Once the pictures are set aside, transcribe the remaining data exactly.
(Exercise input begins)
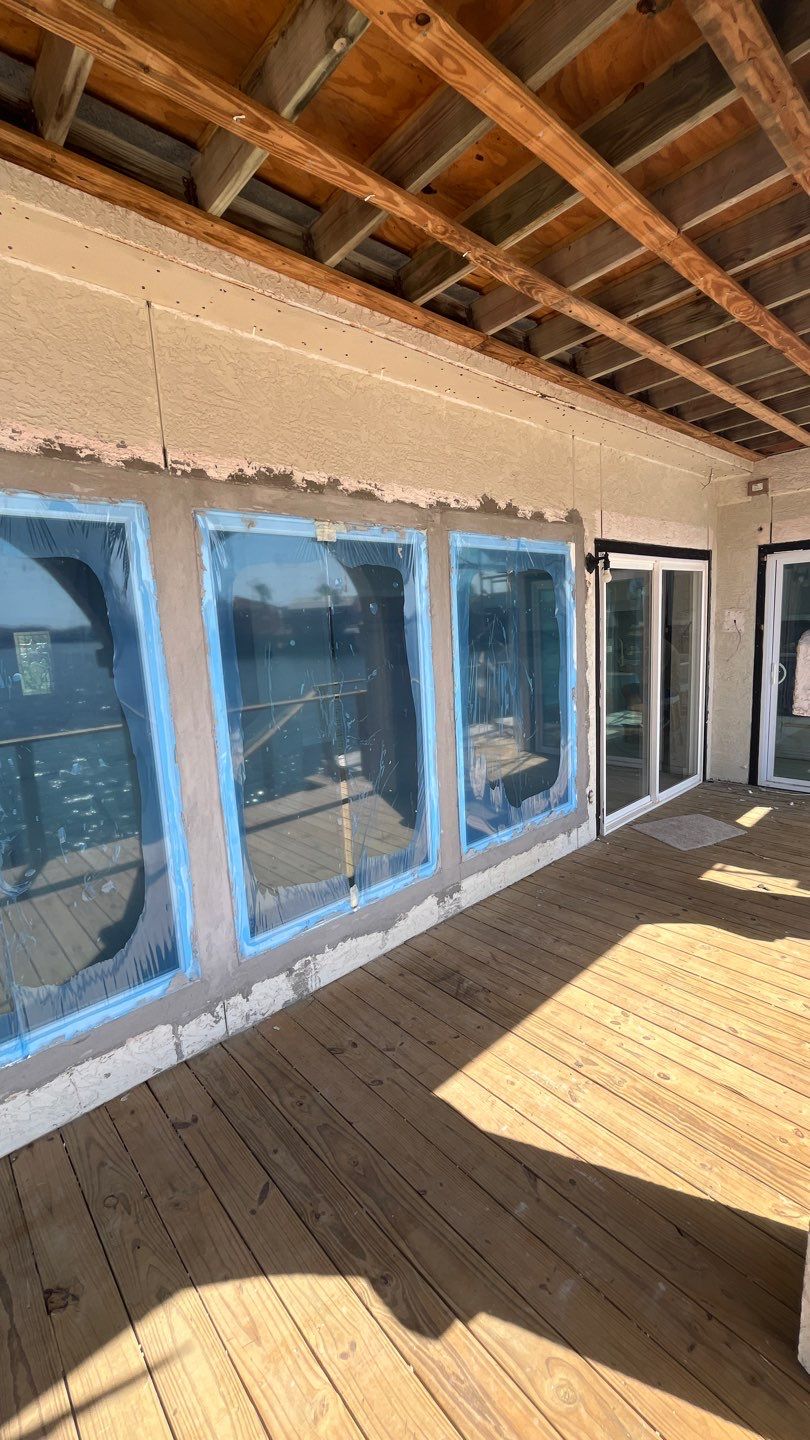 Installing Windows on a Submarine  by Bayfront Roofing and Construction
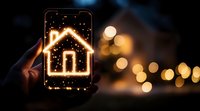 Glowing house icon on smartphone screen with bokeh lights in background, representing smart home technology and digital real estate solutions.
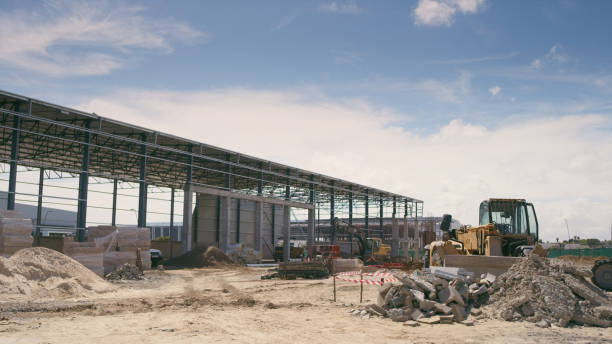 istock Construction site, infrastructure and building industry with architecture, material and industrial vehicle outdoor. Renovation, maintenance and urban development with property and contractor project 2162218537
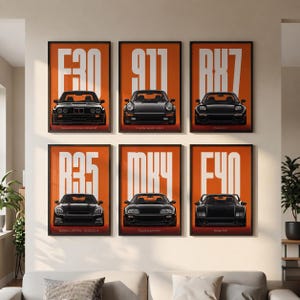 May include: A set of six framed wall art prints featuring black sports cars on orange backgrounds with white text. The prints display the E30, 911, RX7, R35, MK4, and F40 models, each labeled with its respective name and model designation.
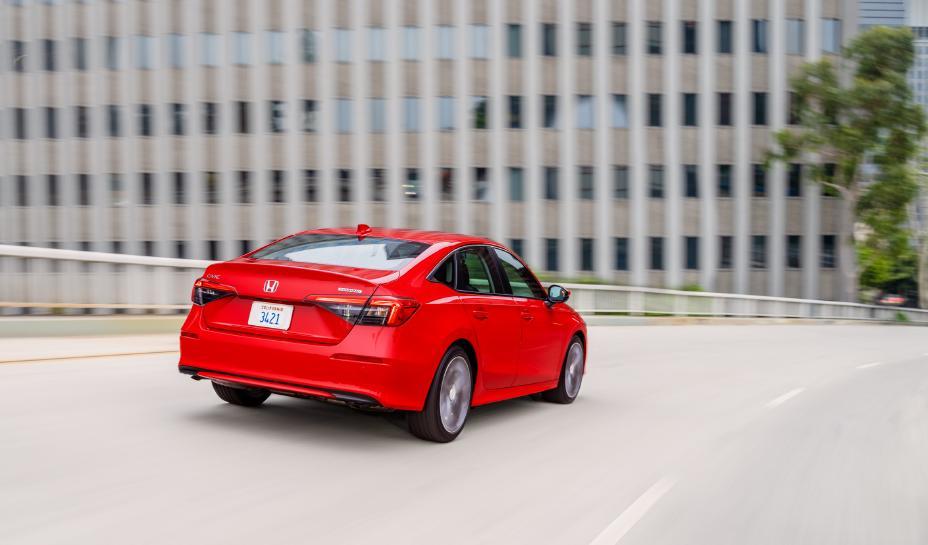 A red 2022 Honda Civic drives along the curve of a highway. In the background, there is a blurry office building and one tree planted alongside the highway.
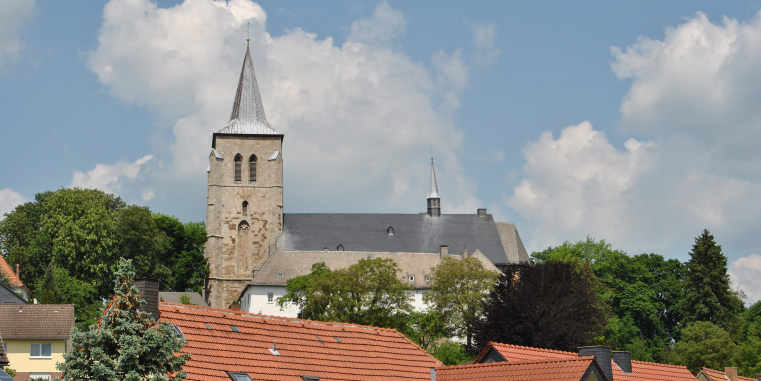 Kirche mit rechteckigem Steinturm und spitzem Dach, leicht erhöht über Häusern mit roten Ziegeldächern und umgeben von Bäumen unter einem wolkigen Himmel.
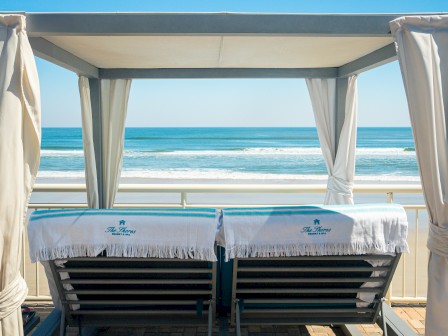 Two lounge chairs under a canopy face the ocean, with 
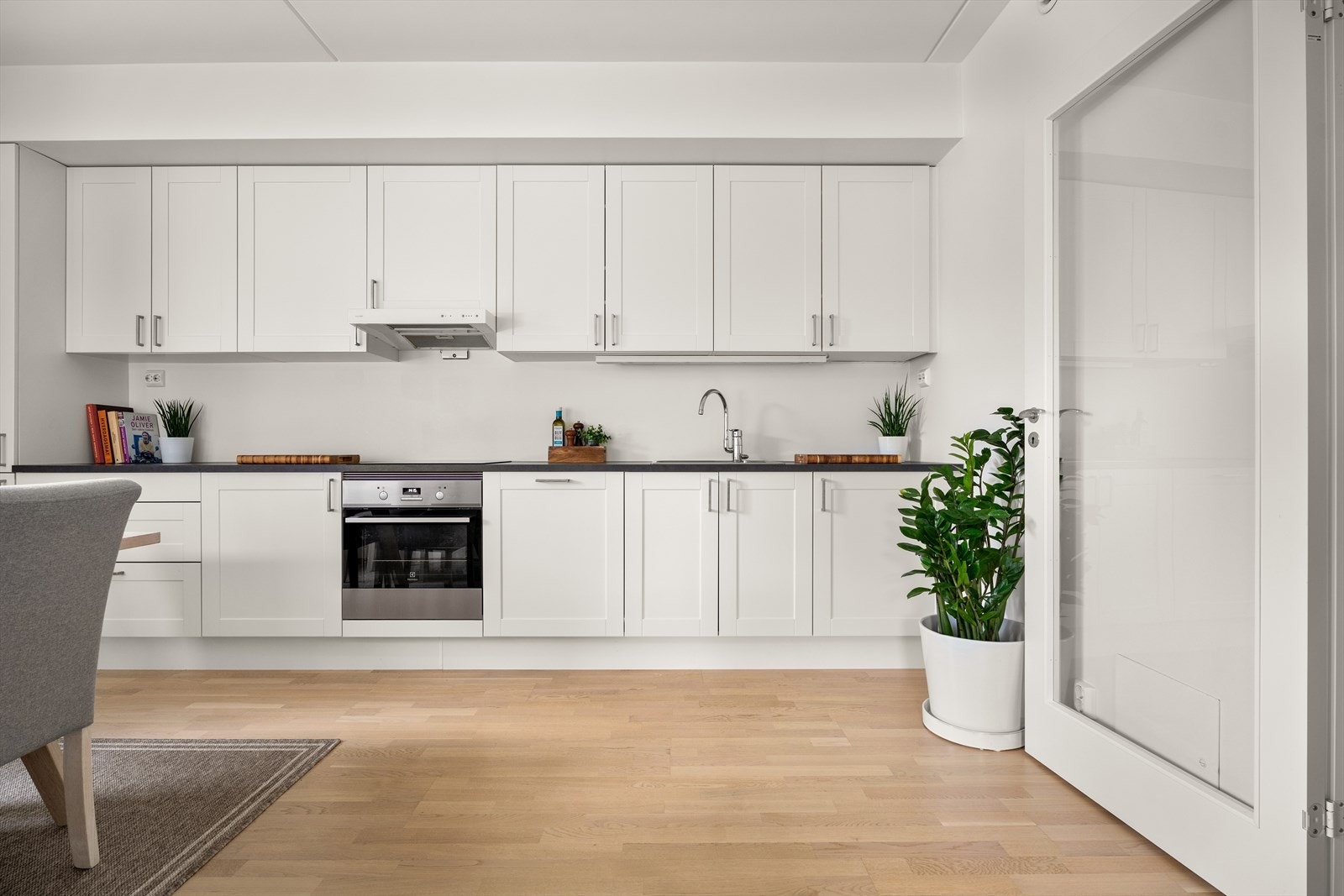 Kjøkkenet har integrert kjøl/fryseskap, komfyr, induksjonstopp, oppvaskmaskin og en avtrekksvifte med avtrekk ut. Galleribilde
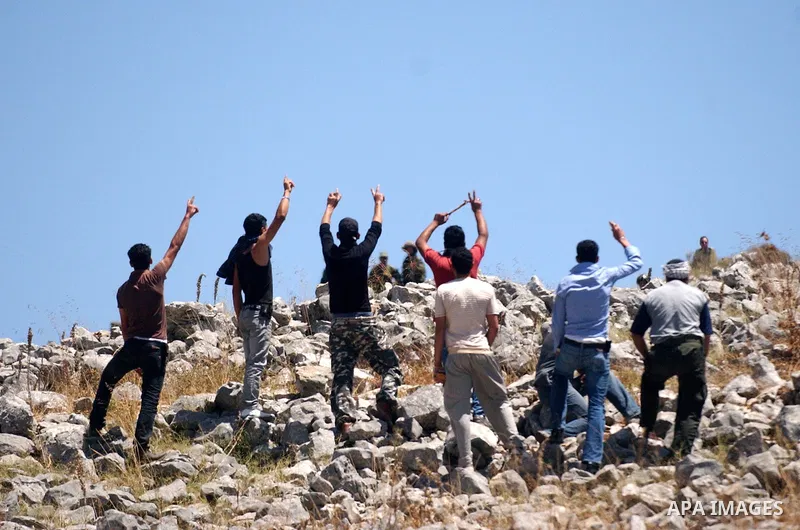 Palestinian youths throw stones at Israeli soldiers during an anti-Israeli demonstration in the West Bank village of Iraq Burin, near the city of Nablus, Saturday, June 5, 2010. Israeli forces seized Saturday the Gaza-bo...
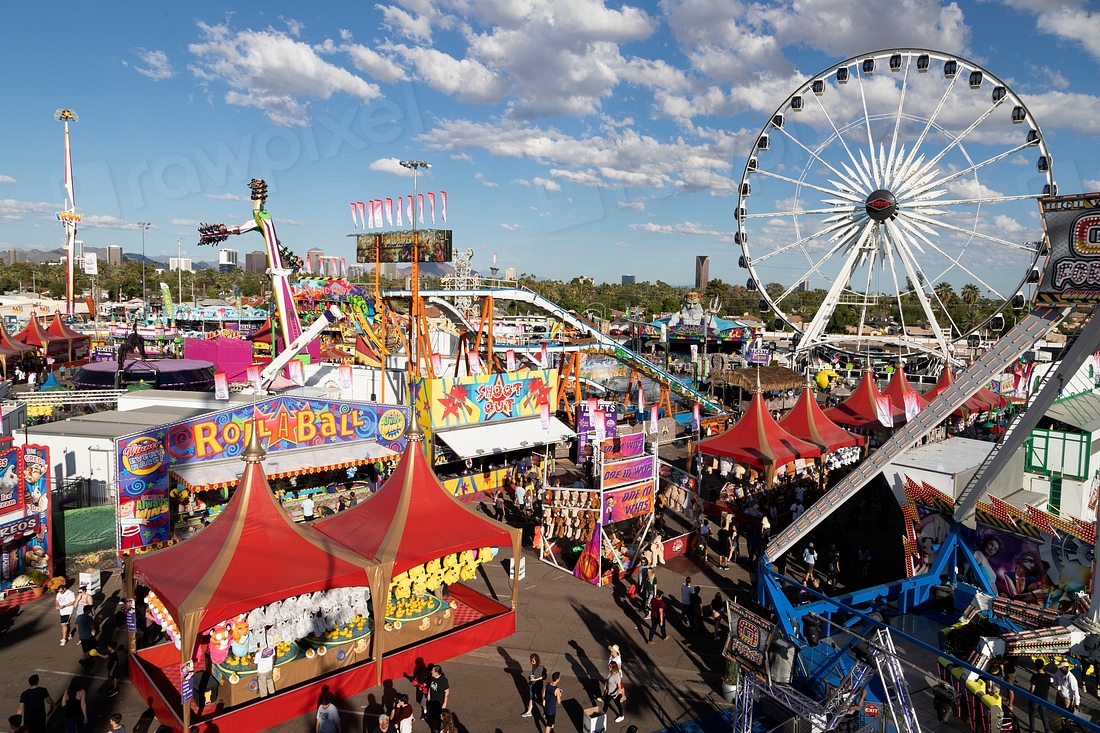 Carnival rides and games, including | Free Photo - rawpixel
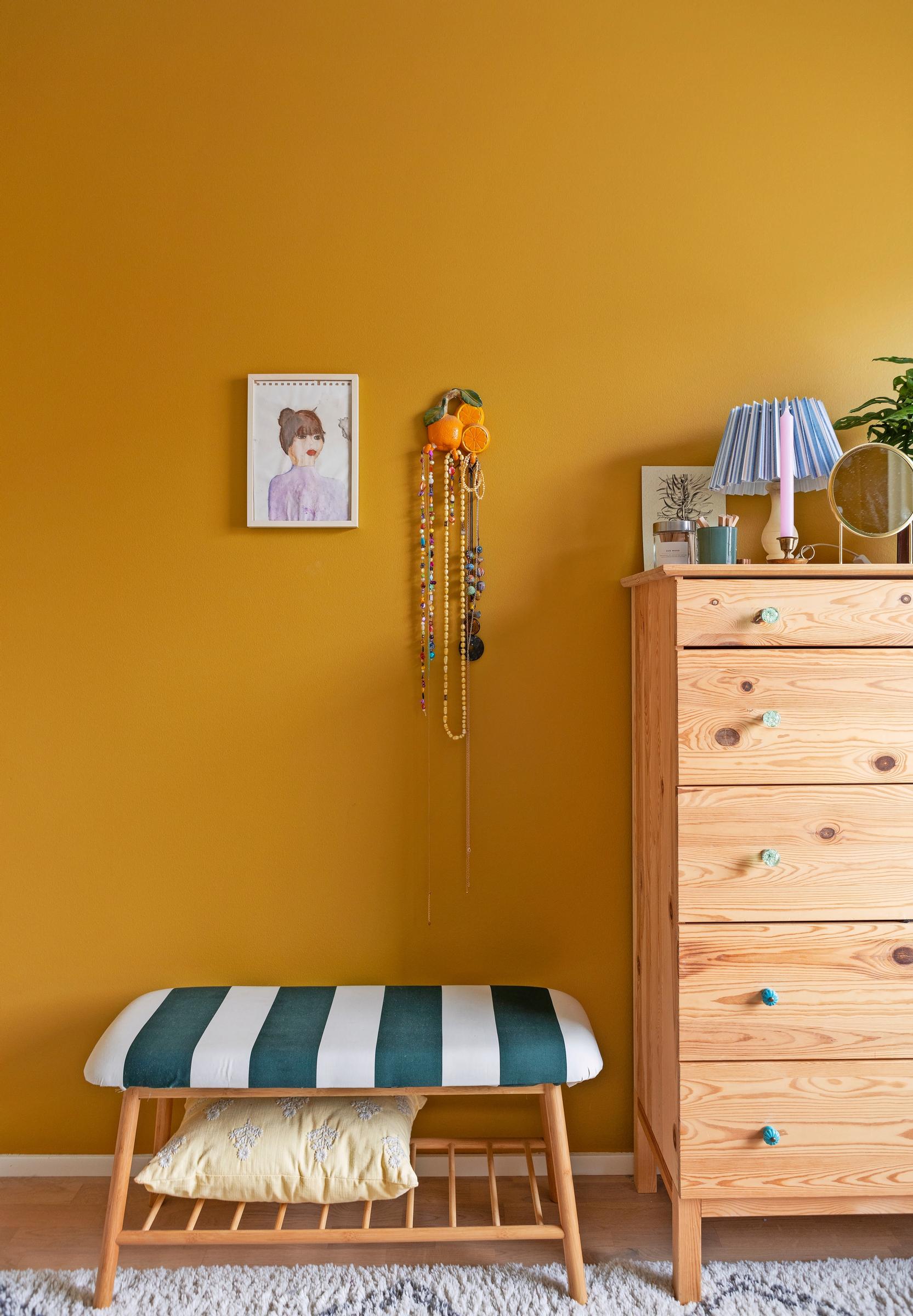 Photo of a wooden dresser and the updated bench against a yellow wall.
(Exercise input ends)
• [Your response]:
 Installing Windows on a Submarine  by Bayfront Roofing and Construction
 Glowing house icon on smartphone screen with bokeh lights in background, representing smart home technology and digital real estate solutions.
 istock Construction site, infrastructure and building industry with architecture, material and industrial vehicle outdoor. Renovation, maintenance and urban development with property and contractor project 2162218537
 May include: A set of six framed wall art prints featuring black sports cars on orange backgrounds with white text. The prints display the E30, 911, RX7, R35, MK4, and F40 models, each labeled with its respective name and model designation.
 A red 2022 Honda Civic drives along the curve of a highway. In the background, there is a blurry office building and one tree planted alongside the highway.
 Kirche mit rechteckigem Steinturm und spitzem Dach, leicht erhöht über Häusern mit roten Ziegeldächern und umgeben von Bäumen unter einem wolkigen Himmel.
 Two lounge chairs under a canopy face the ocean, with 
 Kjøkkenet har integrert kjøl/fryseskap, komfyr, induksjonstopp, oppvaskmaskin og en avtrekksvifte med avtrekk ut. Galleribilde
 Palestinian youths throw stones at Israeli soldiers during an anti-Israeli demonstration in the West Bank village of Iraq Burin, near the city of Nablus, Saturday, June 5, 2010. Israeli forces seized Saturday the Gaza-bo...
 Carnival rides and games, including | Free Photo - rawpixel
 Photo of a wooden dresser and the updated bench against a yellow wall.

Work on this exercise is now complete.